This pages contains some background information on the topics of speech intelligibility, hearing loss and objective measures. We will also be updating it with answers to any challenge specific questions that we receive.
What is Speech Intelligibility?
The term Speech Intelligibility is generally used in two different ways. It can refer to how much speech is understood by a listener, or to the number of words correctly identified by a listener as a proportion or percentage of the total number of words. In the Clarity project, we are using the latter definition, i.e., the percentage of words in a sentence that a listener identified correctly. This percentage is the target for your prediction models.
Speech intelligibility captures how a listener's ability to participate in conversation is changed when the speech signal is degraded, e.g., by background noise and room reverberation, or is processed, e.g., by a hearing aid. Your prediction model will need to incorporate a model of the hearing abilities of each listener.
How is Speech Intelligibility measured with listeners?
In the Clarity project, a set of listeners listen to a sentence and then say what words they heard. In this project, speech intelligibility is measured as the number of words identified correctly as a percentage of the total number of words in a sentence.
You might consider looking at other metrics, such as Word Error Rate (WER), which picks up on, e.g., where listeners insert words not in the original sentence. You might do this if you think that an estimate of WER or other metrics would help your system to estimate speech intelligibility, as defined in the Clarity project.
How is Speech Intelligibility objectively measured by a computer?
When fitting a hearing aid, it would be beneficial for an audiologist to be able to use an objective measure of speech intelligibility to determine what signal processing algorithm(s) should be used to compensate for the listener's hearing impairment. Objective measures are also useful when measured speech intelligibility scores are unavailable, such as when developing a machine learning-based hearing aid algorithm or some other speech enhancement method. Another advantage of non-intrusive measures is that they do not require time-alignment of processed and reference signals.
Objective measures - or metrics - of speech intelligibility are used to allow a computer to estimate the likely performance of humans in listening tests.

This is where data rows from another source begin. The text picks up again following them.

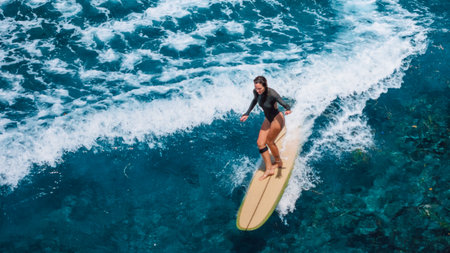 Woman surfer rides on longboard on ocean wave. Drone view of woman during surfingの写真素材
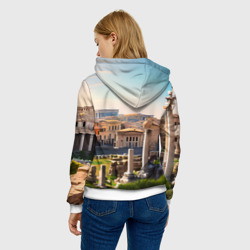 Толстовка с принтом Руины Рима для женщины, вид на модели сзади №2. Цвет основы: белый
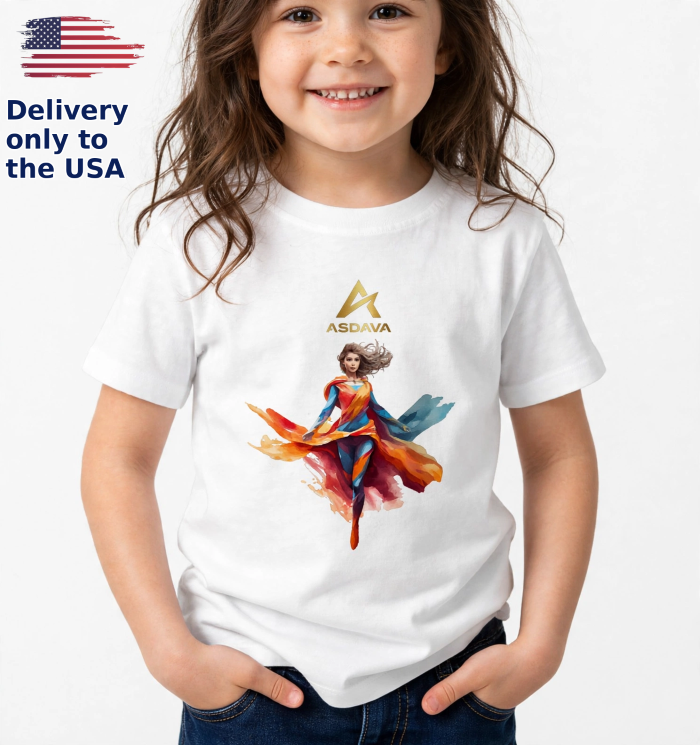 ASDAVA KIDS -  Superhero Flying Girl- White & Gold Edition (Made in US)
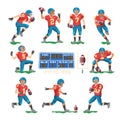 Soccer vector footballer or soccerplayer character in sportswear playing with soccerball on football pitch illustration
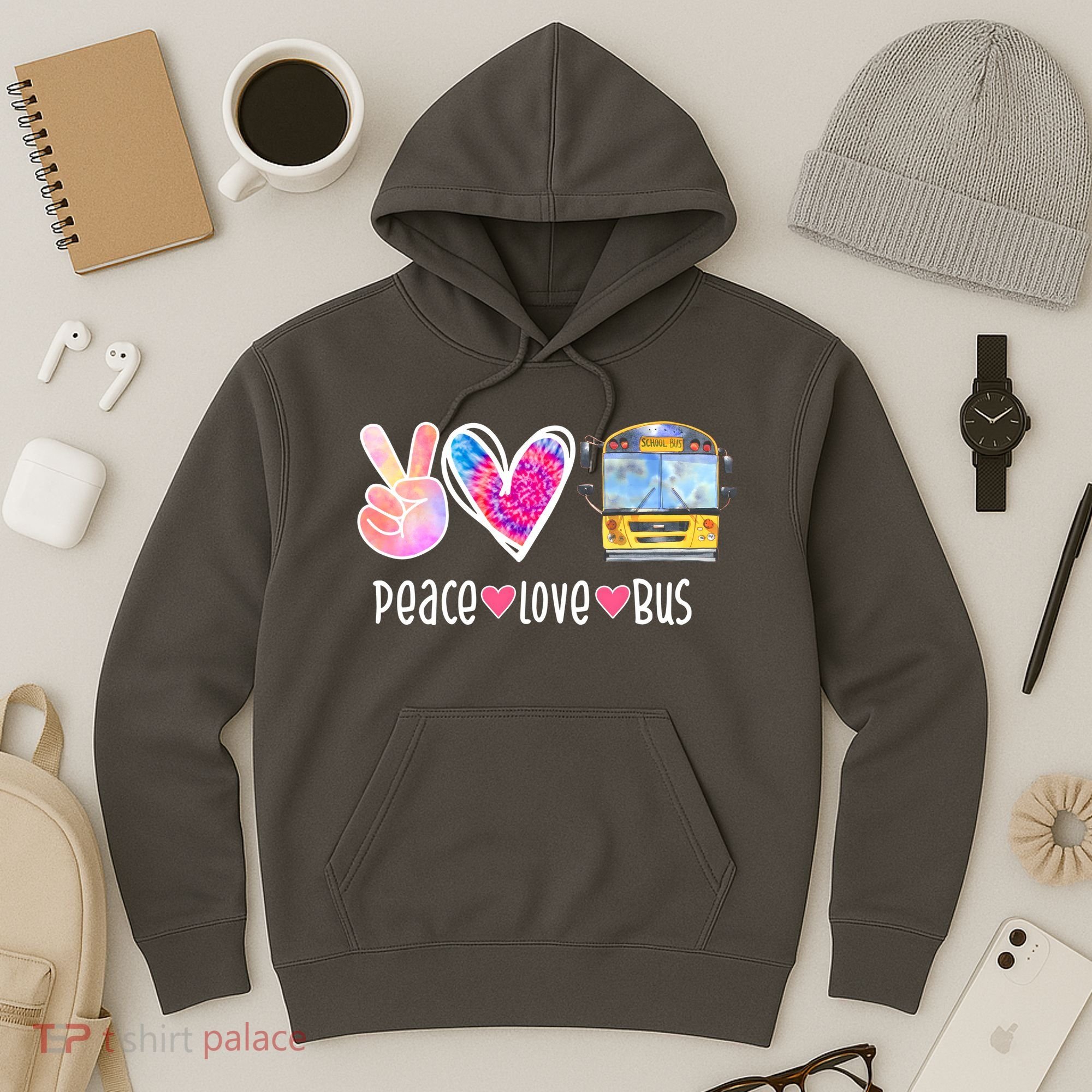 Peace Love Bus Gift For Bus Driver Hoodie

The main goal of entries to the prediction challenge is to produce one of these measures that performs well for listeners with hearing loss. There are two broad classes of speech intelligibility models:
- Intrusive metrics (also known as double-ended) are most common. This is where the intelligibility is estimated by comparing the degraded or processed speech signal with the original clean speech signal.

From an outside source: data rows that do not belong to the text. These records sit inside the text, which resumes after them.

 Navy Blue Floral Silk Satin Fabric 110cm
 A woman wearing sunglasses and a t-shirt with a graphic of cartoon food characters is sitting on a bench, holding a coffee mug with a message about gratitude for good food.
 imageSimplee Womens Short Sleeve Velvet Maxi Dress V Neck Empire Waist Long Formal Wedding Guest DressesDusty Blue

- Non-intrusive metrics (also known as single-ended or blind) are less well developed. This is where intelligibility is estimated from the degraded or processed speech signal alone.
In the Clarity project, both types of metrics are of interest. Intrusive metrics will be more accurate in many cases. However, there are hearing aid processes where the speech content is shifted in frequency, which will defeat most current intrusive speech intelligibility metrics. We also hypothesise that there might be issues with intrusive metrics and machine learning approaches in hearing aids that revoice the original speech.
What speech intelligibility models already exist and what are they used for?
There aren't many speech intelligibility models that consider hearing impairment, but one that does is HASPI by Kates and Arehart. In this seminar from the first Clarity workshop, James Kates discusses speech intelligibility models with a focus on the ones he has developed. He also discusses the speech quality metric HASQI. If you're interested in using HASPI or HASQI for the challenge, James Kates has kindly made the MATLAB code and user guide available for download.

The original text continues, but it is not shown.